The second option wouldn’t fly, because even if the readers wouldn’t mind, I’d mind. The third option would probably mean deleting every post, since I’m in the habit of using typographical quotes, non-breaking spaces and dashes (as opposed to hyphens). Deleting all my posts after an upgrade would defeat the purpose of keeping a blog. The fourth option would be excessively time-consuming, and I’d have to play fill the blanks, which may not even be possible if important things were mangled.
So the only way to fix it would be to call on my inner geek. I had a quick look at the database contents in phpMyAdmin, and had a look at the database code in WordPress. I noted that the new tables created by WordPress 2.3 had the collation utf8_general_ci while the upgraded tables had the collation latin1_swedish_ci, and WordPress was asking MySQL to communicate in UTF-8. Armed with this, I downloaded a UTF-8 SQL dump of the database.
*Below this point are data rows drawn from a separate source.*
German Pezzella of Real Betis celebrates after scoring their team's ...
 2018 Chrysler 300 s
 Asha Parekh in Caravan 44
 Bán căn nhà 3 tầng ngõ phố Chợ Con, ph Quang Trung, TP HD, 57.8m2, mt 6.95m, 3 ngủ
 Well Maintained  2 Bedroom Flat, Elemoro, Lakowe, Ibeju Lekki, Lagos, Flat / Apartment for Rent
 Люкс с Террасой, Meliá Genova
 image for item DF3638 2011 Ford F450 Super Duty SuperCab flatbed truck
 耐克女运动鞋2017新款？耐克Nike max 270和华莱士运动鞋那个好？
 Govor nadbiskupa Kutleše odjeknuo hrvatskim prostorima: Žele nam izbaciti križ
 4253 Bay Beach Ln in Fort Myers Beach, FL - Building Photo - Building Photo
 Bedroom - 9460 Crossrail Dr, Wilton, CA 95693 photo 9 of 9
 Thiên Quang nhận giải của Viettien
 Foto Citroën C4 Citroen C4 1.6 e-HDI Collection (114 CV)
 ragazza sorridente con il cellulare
The rest of it was actually reasonably simple: I opened the SQL dump in TextWrangler, which correctly identified it as being UTF-8 with no “byte order mark”. I then found all references to the latin1 character set and replaced them with utf8. That would fix the issue with the upgraded tables having the wrong collation, but not the corrupted data.
So here’s the trick: you need to convert the UTF-8 representation of what was in in the database back to its old binary representation, and then interpret that as UTF-8. I tried to save the file as ISO Latin 1 (ISO 8859-1), but TextWrangler complained about unmappable characters. It turns out that MySQL’s latin1 is actually Windows Latin 1 (code page 1252). So I saved the file in this encoding, and then told TextWrangler to reinterpret it as UTF-8. It all went smoothly, and I had my data back! I could play the SQL dump back on the server, and everything is as it should be.
So what are the morals of the story?
- Always keep backups – particularly when you plan to do something drastic like an upgrade. Even though I didn’t actually need the backup this time, it was comforting to know it was there.
- Don’t trust upgrade/migration scripts – always check the result to ensure it’s actually what you want.
- Store data in appropriate formats – hacks will always come back and bite you. I shouldn’t have been using WordPress when I knew it was doing the wrong thing with my data.
- When you’re writing a migration script, try to ensure that it actually works! Then you don’t risk infuriating and/or losing your users.